Look for snapshot under /snapshots directory in pcs-elasticsearch-master node

$ ls /snapshots/
index-0  index.latest  meta-f7MUCz9BR5GFlNd0Voct0g.dat  snap-f7MUCz9BR5GFlNd0Voct0g.dat 

Run restore

curl -k -X POST -u elastic:$ELASTICSEARCH_PASSWORD "https://localhost:9200/_snapshot/snapshots/<snapshot-name>/_restore" -H "Content-Type: application/json" -d '{
  "indices": "*",
  "ignore_unavailable": true,
  "include_global_state": true
}' 

Register a snapshot repository

You can configure Elasticsearch to read snapshots from different external locations: AWS S3 bucket, Azure Blob Storage, shared NFS volume, etc.

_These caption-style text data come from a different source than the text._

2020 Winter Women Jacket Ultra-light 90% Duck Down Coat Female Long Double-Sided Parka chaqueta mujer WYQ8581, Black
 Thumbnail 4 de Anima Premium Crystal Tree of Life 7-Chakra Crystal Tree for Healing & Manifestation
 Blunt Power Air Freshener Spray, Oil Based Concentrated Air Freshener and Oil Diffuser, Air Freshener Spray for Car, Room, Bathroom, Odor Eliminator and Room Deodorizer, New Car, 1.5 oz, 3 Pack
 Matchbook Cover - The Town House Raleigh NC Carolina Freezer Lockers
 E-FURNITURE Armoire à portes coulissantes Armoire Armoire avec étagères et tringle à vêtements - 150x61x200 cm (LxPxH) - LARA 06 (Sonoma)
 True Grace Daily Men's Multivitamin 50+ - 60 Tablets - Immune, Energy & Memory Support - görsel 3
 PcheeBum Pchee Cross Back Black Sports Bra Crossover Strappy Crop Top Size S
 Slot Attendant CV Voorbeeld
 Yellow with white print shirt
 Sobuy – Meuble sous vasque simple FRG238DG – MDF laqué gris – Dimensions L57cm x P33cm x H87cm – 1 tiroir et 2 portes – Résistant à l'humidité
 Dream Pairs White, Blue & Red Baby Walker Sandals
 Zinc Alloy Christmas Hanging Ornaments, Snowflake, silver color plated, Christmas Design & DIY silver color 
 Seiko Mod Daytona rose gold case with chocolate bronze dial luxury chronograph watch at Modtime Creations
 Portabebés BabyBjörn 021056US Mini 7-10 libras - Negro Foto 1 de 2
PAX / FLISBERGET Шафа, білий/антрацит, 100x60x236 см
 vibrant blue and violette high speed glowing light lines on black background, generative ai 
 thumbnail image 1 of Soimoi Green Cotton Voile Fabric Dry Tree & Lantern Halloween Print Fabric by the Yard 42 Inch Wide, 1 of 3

Shared filesystem (NFS) repository

Elasticsearch distribution delivered with DataRobot application allows you to configure Elasticsearch to keep snapshots on NFS volume. Please check Snapshot and restore operations for more information on using this method. Please note that this method requires an NFS server continuously available in your network.

Other repository types

Elasticsearch can also store snapshots on S3, Google Cloud or Azure Blob Storage. If your snapshots are stored using one of these ways, please refer yourself to the appropriate section of Register a snapshot repository guide.

Registering snapshot repository

Please refer to backup guide on how to configure snapshot registry, this restore guide assumes that the backup snapshot is accessible from the same registry to perform restore.

Restore data from snapshot

Snapshots can be manually restored according to Restore a snapshot guide. Please follow Restore Entire Cluster section.

Is the snapshot is available in s3 registry, you can follow below steps

  1. Get a list of all indices
export DR_CORE_NAMESPACE=dr-app
kubectl -n $DR_CORE_NAMESPACE exec -it pcs-elasticsearch-master-0 -- /bin/bash
curl -k -X GET -u elastic:$ELASTICSEARCH_PASSWORD "https://localhost:9200/_cat/indices" 
  1. Remove all existing indices if restoring onto an existing cluster with data, single command will not work and will throw error

    curl -k -XDELETE -u elastic:$ELASTICSEARCH_PASSWORD "https://localhost:9200/<index-name-from-step-1>" 
    

  2. Once deleted, run restore using the backup snapshot in s3 repository

curl -k -X POST -u elastic:$ELASTICSEARCH_PASSWORD "https://localhost:9200/_snapshot/repository_name/<snapshot-name>/_restore" -H "Content-Type: application/json" -d '{
  "indices": "*",
  "ignore_unavailable": true,
  "include_global_state": true
}'